Single Step Phase Optimisation for Coherent Beam Combination using Deep Learning

TL;DR

This paper demonstrates a deep learning approach for single-step phase retrieval in coherent beam combination, enabling rapid and precise control of fibre phases for improved beam shaping in laser systems.

Contribution

It introduces a neural network method that retrieves fibre phases from intensity profiles in a single 10 ms step, outperforming iterative methods and assessing profile feasibility.

Findings

Neural network accurately retrieves fibre phases in simulated setups.

Method operates in approximately 10 milliseconds, suitable for real-time applications.
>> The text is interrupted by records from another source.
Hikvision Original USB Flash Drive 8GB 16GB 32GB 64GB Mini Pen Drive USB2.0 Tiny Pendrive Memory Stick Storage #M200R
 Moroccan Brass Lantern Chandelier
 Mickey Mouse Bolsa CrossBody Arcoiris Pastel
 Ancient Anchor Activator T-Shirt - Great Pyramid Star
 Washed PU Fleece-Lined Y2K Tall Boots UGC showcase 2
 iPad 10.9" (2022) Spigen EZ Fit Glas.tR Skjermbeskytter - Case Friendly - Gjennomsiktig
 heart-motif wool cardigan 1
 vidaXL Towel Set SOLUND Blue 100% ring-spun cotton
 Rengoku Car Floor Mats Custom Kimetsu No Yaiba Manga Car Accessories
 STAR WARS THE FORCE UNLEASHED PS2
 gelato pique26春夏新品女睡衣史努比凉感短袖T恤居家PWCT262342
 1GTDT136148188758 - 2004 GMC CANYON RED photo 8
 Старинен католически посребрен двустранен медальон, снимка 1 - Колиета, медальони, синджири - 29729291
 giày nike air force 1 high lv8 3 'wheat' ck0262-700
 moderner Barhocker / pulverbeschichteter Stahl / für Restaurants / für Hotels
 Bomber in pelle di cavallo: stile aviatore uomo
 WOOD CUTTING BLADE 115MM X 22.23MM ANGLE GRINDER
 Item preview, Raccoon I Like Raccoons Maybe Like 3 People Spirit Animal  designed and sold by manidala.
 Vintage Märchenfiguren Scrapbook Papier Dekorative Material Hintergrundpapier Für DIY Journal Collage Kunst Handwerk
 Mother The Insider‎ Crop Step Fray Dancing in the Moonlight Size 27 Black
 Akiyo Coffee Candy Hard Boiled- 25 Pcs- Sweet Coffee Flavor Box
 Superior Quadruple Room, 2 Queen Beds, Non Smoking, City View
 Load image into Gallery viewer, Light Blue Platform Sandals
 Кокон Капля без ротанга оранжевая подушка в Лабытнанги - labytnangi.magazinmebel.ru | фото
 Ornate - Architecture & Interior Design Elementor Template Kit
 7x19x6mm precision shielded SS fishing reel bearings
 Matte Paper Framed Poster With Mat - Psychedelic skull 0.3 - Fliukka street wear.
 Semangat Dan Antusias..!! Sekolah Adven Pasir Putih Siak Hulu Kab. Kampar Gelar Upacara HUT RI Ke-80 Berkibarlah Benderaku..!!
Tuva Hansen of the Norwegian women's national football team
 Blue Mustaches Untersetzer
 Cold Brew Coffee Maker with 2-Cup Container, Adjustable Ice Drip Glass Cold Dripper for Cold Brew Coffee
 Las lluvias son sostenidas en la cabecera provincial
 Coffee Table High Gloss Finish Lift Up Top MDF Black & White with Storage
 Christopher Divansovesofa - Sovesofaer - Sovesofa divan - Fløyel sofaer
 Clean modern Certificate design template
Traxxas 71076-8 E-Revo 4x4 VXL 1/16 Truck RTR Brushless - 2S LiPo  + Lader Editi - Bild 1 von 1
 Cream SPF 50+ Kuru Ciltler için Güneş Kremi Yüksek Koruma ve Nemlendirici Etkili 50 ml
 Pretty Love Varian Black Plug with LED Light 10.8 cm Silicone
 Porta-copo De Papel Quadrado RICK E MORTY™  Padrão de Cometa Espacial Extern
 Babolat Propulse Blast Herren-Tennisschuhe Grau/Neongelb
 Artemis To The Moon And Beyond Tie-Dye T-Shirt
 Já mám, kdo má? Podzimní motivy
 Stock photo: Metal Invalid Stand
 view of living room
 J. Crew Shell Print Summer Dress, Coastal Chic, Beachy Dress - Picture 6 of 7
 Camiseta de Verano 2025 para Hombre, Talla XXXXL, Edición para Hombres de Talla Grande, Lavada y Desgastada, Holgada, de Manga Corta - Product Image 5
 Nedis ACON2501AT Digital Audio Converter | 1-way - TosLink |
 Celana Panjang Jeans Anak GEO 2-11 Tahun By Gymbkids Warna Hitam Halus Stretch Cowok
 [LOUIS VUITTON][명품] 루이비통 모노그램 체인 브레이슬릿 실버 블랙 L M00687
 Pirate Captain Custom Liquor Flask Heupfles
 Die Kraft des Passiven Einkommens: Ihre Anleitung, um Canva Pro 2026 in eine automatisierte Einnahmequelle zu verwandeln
Deep learning shows resilience against simulated experimental noise.

Abstract

Coherent beam combination of multiple fibres can be used to overcome limitations such as the power handling capability of single fibre configurations. In such a scheme, the focal intensity profile is critically dependent upon the relative phase of each fibre and so precise control over the phase of each fibre channel is essential. Determining the required phase compensations from the focal intensity profile alone (as measured via a camera) is extremely challenging with a large number of fibres as the phase information is obfuscated. Whilst iterative methods exist for phase retrieval, in practice, due to phase noise within a fibre laser amplification system, a single step process with computational time on the scale of milliseconds is needed. Here, we show how a neural network can be used to identify the phases of each fibre from the focal intensity profile, in a single step of ~ 10 milliseconds, for a simulated 3-ring hexagonal close packed arrangement, containing 19 separate fibres and subsequently how this enables bespoke beam shaping. In addition, we show that deep learning can be used to determine whether a desired intensity profile is physically possible within the simulation. This, coupled with the demonstrated resilience against simulated experimental noise, indicates a strong potential for the application of deep learning for coherent beam combination.